No caso de Ames v. Ohio Department of Youth Services, a Suprema Corte dos EUA reafirmou que o compromisso com direitos individuais deve prevalecer sobre o desejo de supervisionar operações administrativas cotidianas. Do mesmo modo, em Students for Fair Admissions v. Harvard, a Corte se opôs categórica às classificações raciais inequívocas, lembrando que a boa intenção não pode suprimir limites jurídicos. Uma visão semelhante deve prevalecer na jurisdição brasileira, onde a Constituição não dá ao STF a autorização para controlar a execução das políticas.
Essas comparações apontam um caminho claro: enquanto decisões em outras jurisdições reafirmam a necessidade de contenção e o respeito às delimitações do poder judicial, as abordagens reafirmadas por Fachin e Mendes, na ADPF 973, tendem a dissolver as fronteiras que definem o que cabe ao Judiciário e ao Executivo.
A situação é ainda mais complexa quando se considera que o ativismo judicial pode ser percebido como justiça social, mas, na prática, pode desenhar um mapa onde o Judiciário é chamado em momentos de crise, a um custo de deterioração do sistema democrático. Assim, o diálogo institucional passa a operar não como um complemento, mas como uma forma de gestão do poder por parte de um tribunal, que deveria restringir-se à proteção da Constituição.
Em suma, o julgamento da ADPF 973 não representa apenas mais um ponto em um debate sobre o ativismo judicial, mas sim um reflexo de uma crise de compreensão sobre os limites constitucionais. A dificuldade em reconhecer que a Constituição de 1988 é, acima de tudo, um acordo que impõe restrições ao exercício do poder evidência uma falha que vai além das questões interpretativas: é uma questão de integridade republicana.

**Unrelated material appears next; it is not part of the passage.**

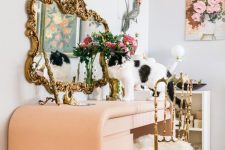 a whimsical makeup space with a Peach Fuzz vanity, a mirror in an ornated frame and a gallery wall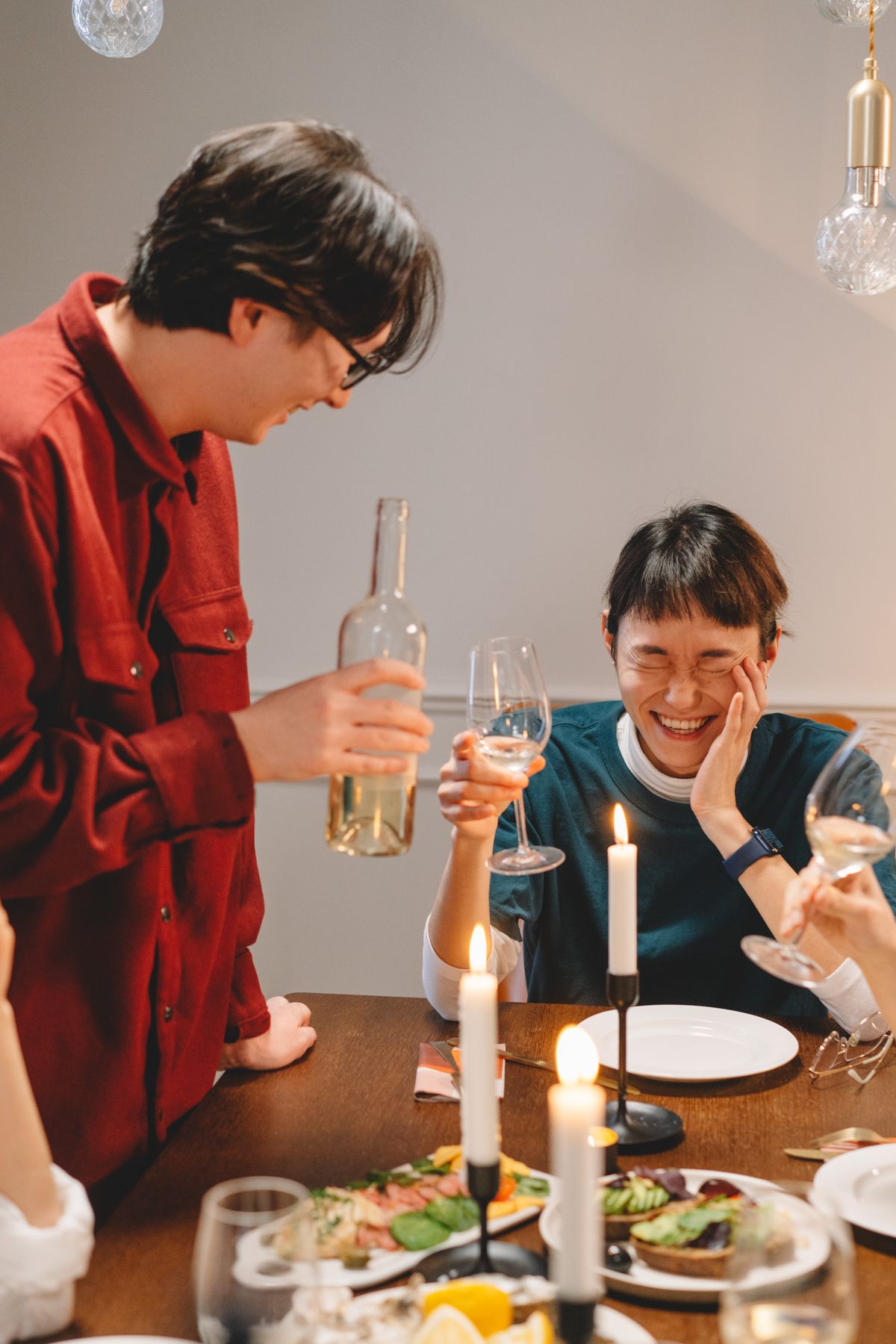 Two friends laughing over dinner with wine and candles, enjoying a cozy night indoors.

O verdadeiro desafio está em entender que a missão do intérprete da Constituição deve residir na defesa da legalidade, sem perder de vista que o poder não deve ser confundido com a vontade populacional em um contexto de respeito aos limites do direito. Quando a interpretação da lei se transforma na busca pela realização de ideais sociais, a separação de poderes se abala e, com isso, a estrutura fundamental da democracia também é ameaçada.